Was wondering how hard it is to swap them out? Looks like there are only 4 bolts; 2 on the right hinge and 2 on the left hinge, holding the lid on.
i would swap the lights and such over because the new lid is only a shell.
thanks
tj


----------



## Smurfenstein (Nov 16, 2011)

Not too hard. Start by removing everything from the lid, there are two bolts and a bunch of clips that hold the liner onto the trunk. With those gone you can pull the clipped wiring off the lid and remove the lights, then unbolt the chrome bar and pull it, and the license plate light assembly out as one piece. Once the whole trunk is stripped of all the wiring, trunk pops, etc. undo the 4 main bolts that attach it to the arms. Then bolt the new one on and re-attach all the extra miscellaneous pieces.


----------



## NickD (Dec 10, 2011)

Don't forget to align it can keep those four arm bolts about a turn loose, close is very carefully and move it around a bit so the cracks are even on all four sides. Drop the rear seat backs, crawl under there then tighten those bolts. May take a couple of tries until you get it right.


----------



## Danny5 (Dec 22, 2011)

Start with my Technostalgia light install thread. It will walk you through removing everything from the trunk lid, sans the wiring harness and chrome accent bar.

http://www.cruzetalk.com/forum/145-...-how-tear-apart-your-trunk-picture-heavy.html


----------



## NickD (Dec 10, 2011)

Ha, you did everything except replace the trunk lid, but at least its a start. 

Could add a very important precaution, this is NOT a one man job. Lid has to be up, you will be surprised how stiff those arm springs are, and just too easy for that lid to crash into the rear window. Trying to hold it with hand and removing those bolts with the other could ruin your day.
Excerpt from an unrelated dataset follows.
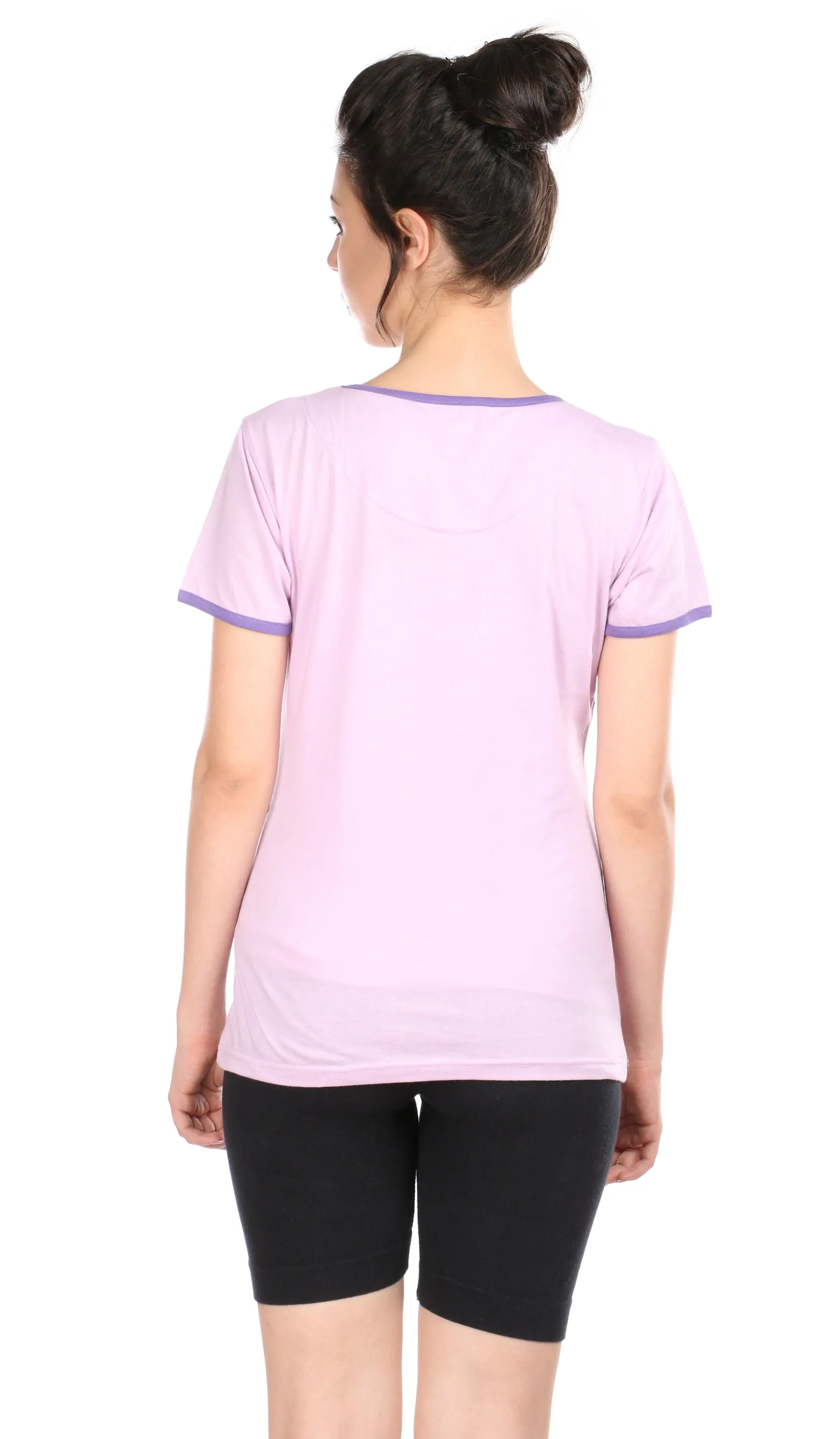 Semantic Women's Cotton T-Shirt - Star Print (Slim Fit)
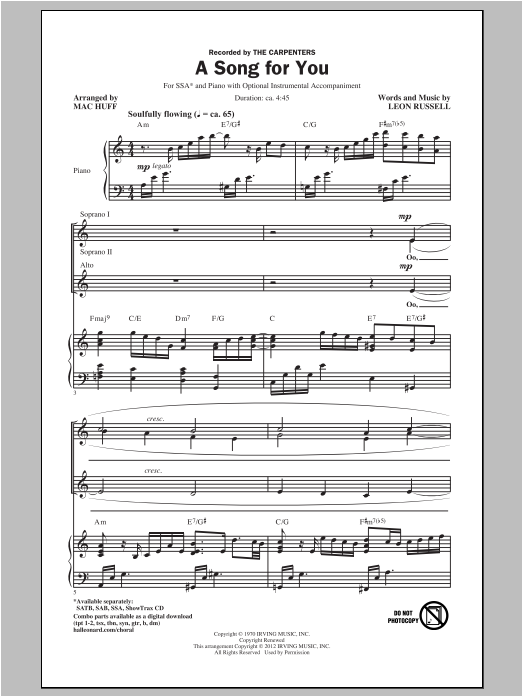 Download Carpenters A Song For You (arr. Mac Huff) Sheet Music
Granted, not as bad as removing a trunk lid on a 73 Fleetwood, that lid was over five feet long, and heavy, the Cruze is only about 15" long. I would definitely get the aid of two good men to support the lid while you are removing those bolts. Also installing the new one. Trying to align those holes to start the bolts and hold it steady and not crashing into that rear window would require some care. Then trying to get it properly aligned.


----------



## Joe 45 (Jul 25, 2019)

NickD, if you had that much of a problem with the springs you must have unbolted the lid on the wrong end of the control arms.  You need to open the trunk and remove the liner, then remove the bolts from the top of the control arms.


----------



## eddiefromcali (Aug 21, 2017)

Joe 45 said:


> NickD, if you had that much of a problem with the springs you must have unbolted the lid on the wrong end of the control arms. You need to open the trunk and remove the liner, then remove the bolts from the top of the control arms.


thanks for replying to a 5yr old post


----------